TWENTY YEARS since fleeing the country in disgrace, Imelda Marcos — the glittering, partying, mesmerizing half of what has been called a conjugal dictatorship — still loves to go shopping. But alas, no longer at Tiffany’s. With dozens of pending court cases, her foreign trips have been severely curtailed. Park Avenue will have to wait, as Imelda now goes where the Pinoy hoi polloi congregate, roughing it up in all her finery (pouf hairdo, outsized jewelry, and of course the shoes, the fabulous shoes) in such down-market places as 168 Mall in Binondo and Market!Market! in Fort Bonifacio.

“One of my big joys of going to 168, Market! Market!, the sari-sari store, or the flea market is because it makes me happy to see people, it enriches me,” she says giddily, like a little girl. “I feel so good being so accepted by them and hugged by them and kissed by them. And everybody wants to have a picture. I’m so complimented…When I go shopping I’m not really shopping for things, I’m really shopping for love.”

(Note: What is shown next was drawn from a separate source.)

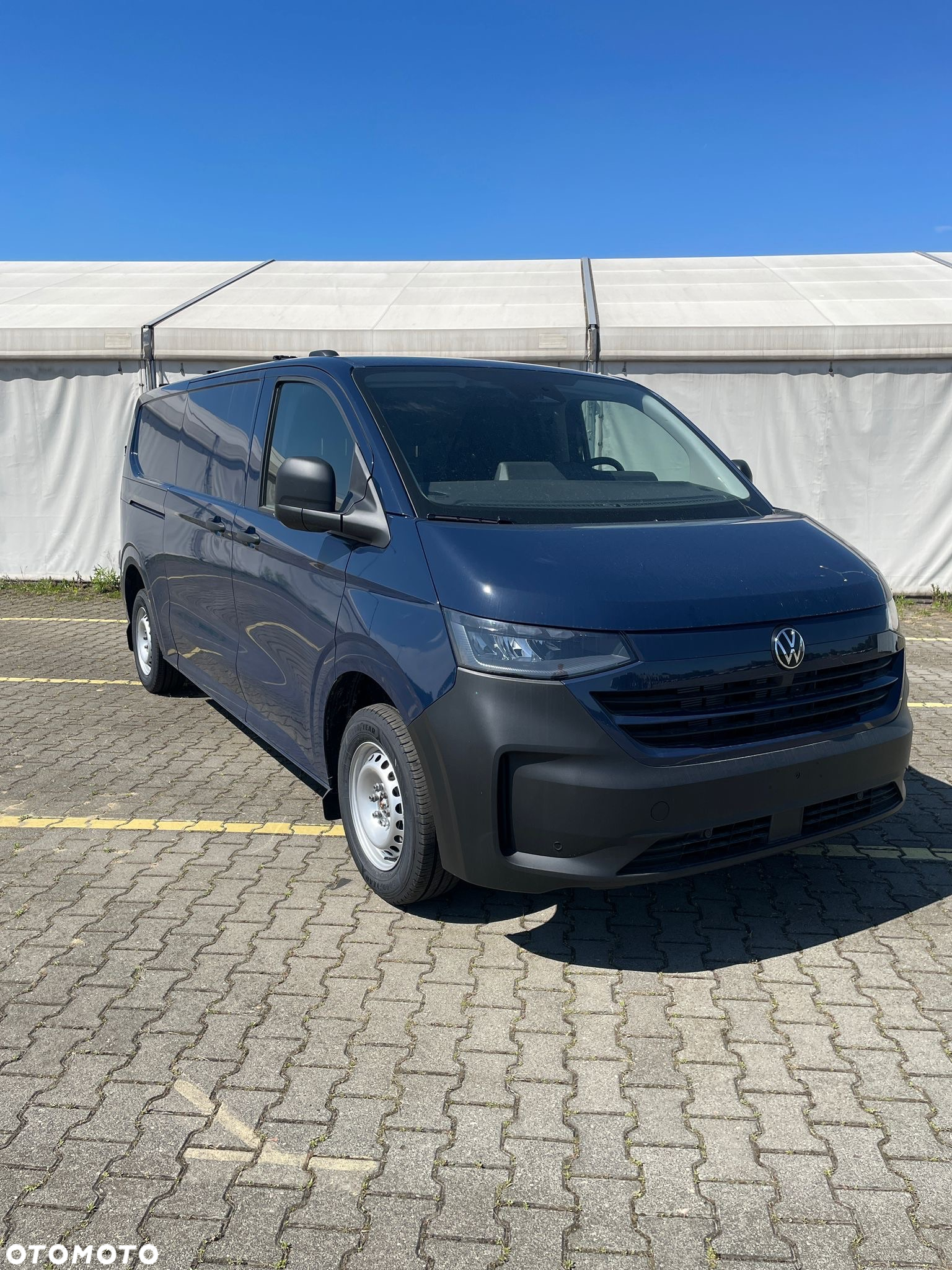 Volkswagen Transporter - 5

Even today no one says it like Imelda. No one does it like Imelda. Whatever we may think of her, she is an original. No one like her had appeared on our stage before, and no one has upstaged her since. Although the signs of age and wear are there — she is, after all, 76 years old — she is still quotable, still fabulous, still so out of this world.

Until now, no one can propel us to the heights of hyper-reality as Imelda can. No one else can be so reviled as a symbol of extravagance and excess, while also remaining so appealing. For deep in the Pinoy soul is a sensibility as baroque as Imelda’s (just look at the jeepney), a flair for drama as flamboyant, and a craving for acceptance as desperate as hers.

This is why, even though we know all about her and she is more caricature than real, she remains an irresistible spectacle, a natural crowd drawer. She is still a star. Take it from her: “I try to be a star only because I want to be a light in the dark of the night, to give people hope and to give them the faith that if you can think it, you can make it, if you can dream it, it can be real. That’s my life.”

Indeed it is. One reason for Imelda’s enduring appeal is that she is Cinderella. We are suckers for rags-to-riches stories, for escapist fairy tales that help us deal with harsh reality. The orphan Imelda grew up in a garage and became the stunningly beautiful young woman who landed in Manila with only P5 in her wallet. Snubbed by the Manila elite, she bagged the country’s most eligible bachelor, rising to become, before the fall of the House of Marcos, the most powerful woman in the country and one of the richest in the world.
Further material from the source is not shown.